Studio album by Mary J. Blige
- Released: April 28, 2017
- Studio: Marvin's Room (Hollywood); Henson (Los Angeles); Chalice (Los Angeles);
- Genre: R&B
- Length: 57:42
- Label: Capitol
- Producer: BadBadNotGood; Bigg D; DJ Camper; Hit-Boy; Brandon "B.A.M." Hodge; Kaytranada; Lamb; Neff-U; Teddy Riley; William Tyler;

Mary J. Blige chronology
| The London Sessions (2014) | Strength of a Woman (2017) | Good Morning Gorgeous (2022) |

Singles from Strength of a Woman
- "Thick of It" Released: October 7, 2016; "U + Me (Love Lesson)" Released: February 17, 2017; "Love Yourself" Released: March 30, 2017; "Set Me Free" Released: July 19, 2017;

= Strength of a Woman (album) =

Strength of a Woman is the thirteenth studio album by American R&B singer-songwriter Mary J. Blige. It was released on April 28, 2017, by Capitol Records. A pre-divorce album with heavy adult contemporary trap sounds, Blige co-wrote most of the album with American musicians Brandon "B.A.M" Hodge and DJ Camper, while additional production was provided by BadBadNotGood, Bigg D, Hit-Boy, Kaytranada, Lamb, and Neff-U. Strength of a Womans subject matter was inspired by her personal journey of marital struggle and heartache which culminated in her separation from and divorce from her manager Kendu Isaacs in 2016 and 2018 respectively.

The album was released to positive reception from music critics, who complimented its current but faintly retro production and Blige's emotionally transparent songwriting. Commercially, it became her first top three album on the US Billboard 200 since Stronger with Each Tear (2009) with opening sales of 78,000 album-equivalent units. Internationally, it peaked at number three on the UK R&B Albums chart and reached number 22 in Canada. Earning Blige a number of accolades and nominations, Strength of a Woman won the singer the BET Her Award at the BET Awards 2018.

Strength of a Woman produced four singles, including "Thick of It" and "U + Me (Love Lesson), both of which peaked atop the US Adult R&B Songs chart, with the former spending a record-breaking 16 consecutive weeks at number-one.
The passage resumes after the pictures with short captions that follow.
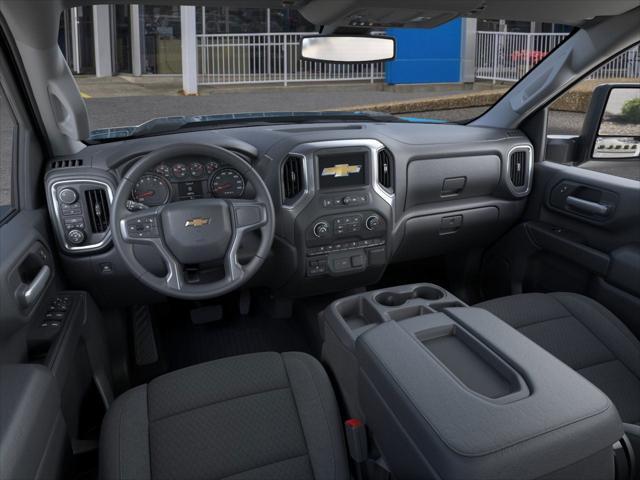 new 2025 Chevrolet Silverado 2500 car, priced at $53,155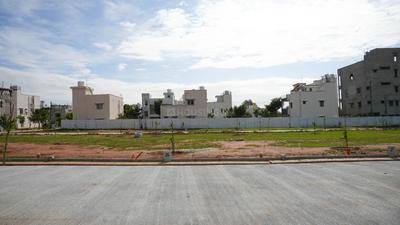 Kattanallur Plot View 2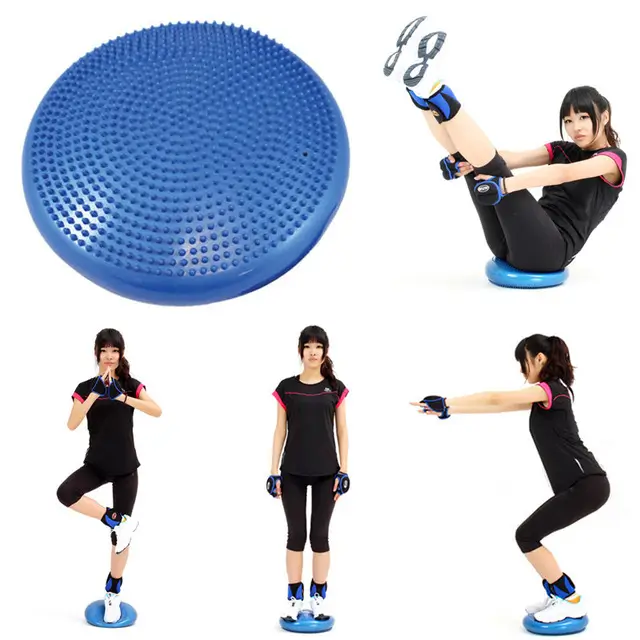 Exercise Balance Pad - Multi-color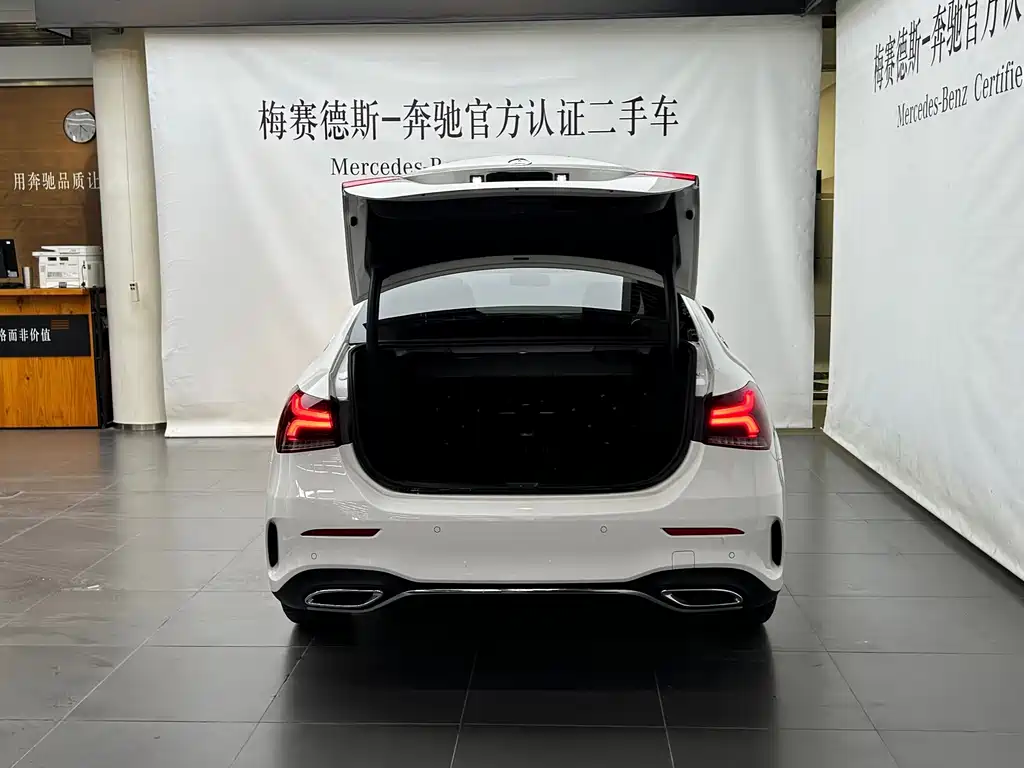 Mercedes-Benz A-Class — миниатюра 15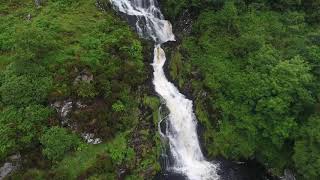 Assaranca Waterfall Maghera amp Glengesh CoDonegal [upl. by Louisette]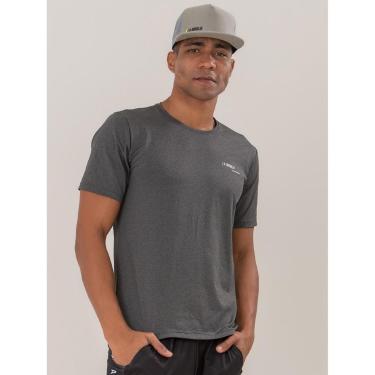 Imagem de TShirt Dry Mescla Masculina-Masculino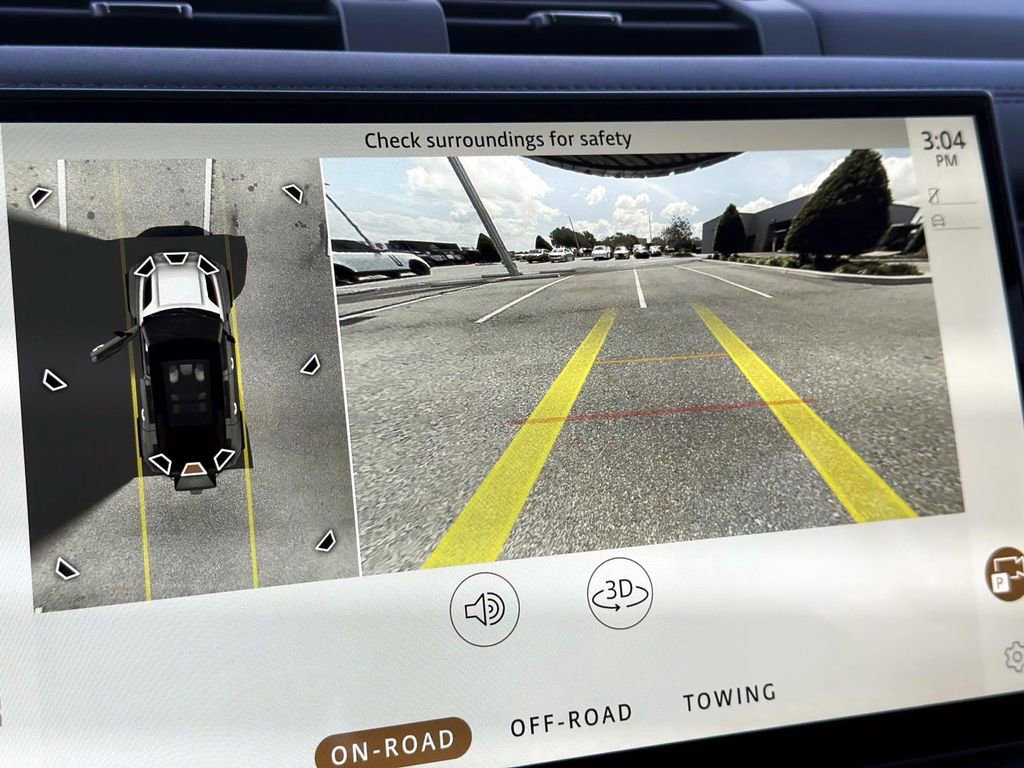 New 2026 Land Rover Defender 110 OCTA image 24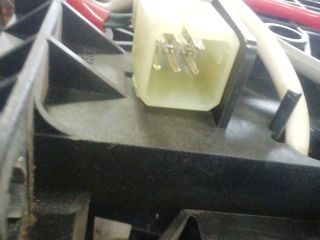 bontott SUZUKI SWIFT III Automata Váltókar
Two further singles, "Love Yourself" and "Set Me Free," were released in March and July 2017. In support of the album, Blige embarked on the Strength of a Woman Tour from April 2, 2017 to September 9, 2017. In 2022, she named the inaugural Strength of a Woman Festival and Summit, a three-day festival in Atlanta, in partnership with Live Nation Urban after the album.

==Background==
In 2014, Blige moved to London for a while and produced her twelfth studio album The London Sessions (2014). Conceived during a time when she was questioning whether she even wanted to make music any more, her largely European team of collaborators, including singer Sam Smith and electronic music duo Disclosure, helped her re-boosting her lacking self-esteem. Released to Blige's strongest reviews in years, The London Sessions became her lowest-selling album yet. Inspired to branch more seriously into acting, she subsequently moved to Los Angeles, where she signed on to co-star opposite actress Carey Mulligan in director Dee Rees's historical drama Mudbound (2017) and began work on her next studio album for she reached out to producers Brandon Hodge and DJ Camper.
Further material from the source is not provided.